What is the reason for not allowing a mixed bag of pike walleye bass or catfish?

Ganzer


----------



## Crazy Axe (Mar 11, 2007)

I think you can mix with walleye, bass, and flathead but still need to follow the total allowable of 5 with only one pike over 24".. It could be misconstrued since it says 5 combination no more than 2 pike but I'd think you could have 3 pike and 2 walleye or whatever on houghton? Idk?


----------



## brookie1 (Jan 26, 2011)

It's right in the guide. You can keep up to five pike with one over 24 inch but you need to consider the combination limit.

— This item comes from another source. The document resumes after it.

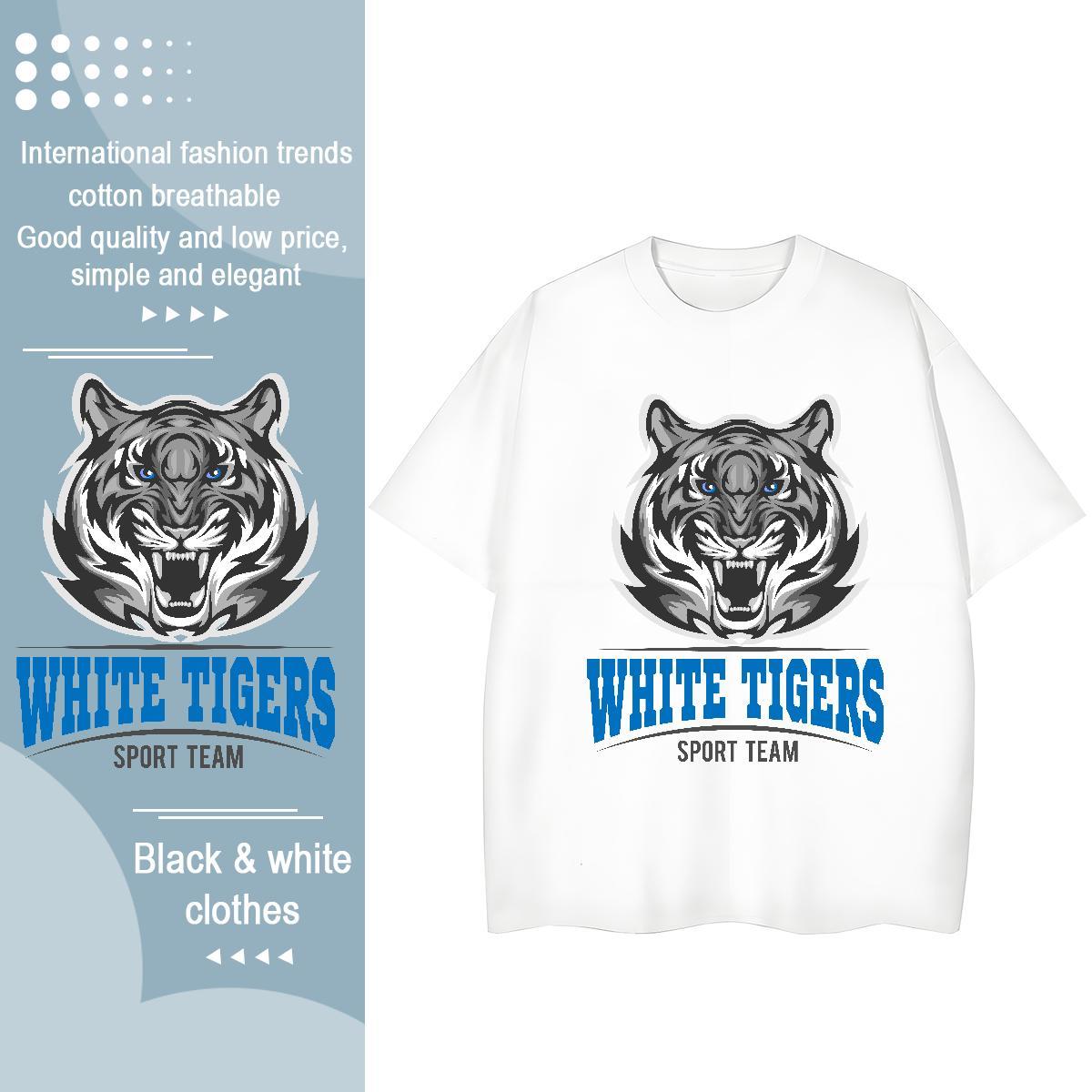 2024 Woman T Shirts Breathable 230g Pure Cotton Women Tshirts Cartoon Floral Printing tiger Casual Sport Wholesale Tee Shirt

This is from note 7 in the guide. Notice the statement in parenthesis. Table 1 is the possession limit table:


"Waters where up to 5 northern pike of any size may be taken with only 1 greater than 24&#8221; allowed in the daily possession limit (in combination with other species as indicated in Table 1):"

Here is the link:

http://www.eregulations.com/michigan/fishing/general-hook-line-regulations/


----------



## bellkey (Mar 24, 2017)

Crazy Axe said:


> I think you can mix with walleye, bass, and flathead but still need to follow the total allowable of 5 with only one pike over 24".. It could be misconstrued since it says 5 combination no more than 2 pike but I'd think you could have 3 pike and 2 walleye or whatever on houghton? Idk?


----------



## bellkey (Mar 24, 2017)

I am aware that this is a very old post but , MY understanding is " in combination " You can keep pike , but only ONE over 24 inches the other 4 has NO minimum length . IF you had 3 walleyes in your boat , all legal size ( say 17 inches ) and say 10 Crappie , 5 blue gill and a perch , you are within the laws of each species in possession at the landing and good to go , Right or wrong ?????


----------



## swampbuck (Dec 23, 2004)

Correct, each species has an individual limit. You can have a limit of each.

On Pike you can have 5, but only one can be 24" or bigger. The other 4 have to be LESS than 24". Or all 5 could be under 24"


----------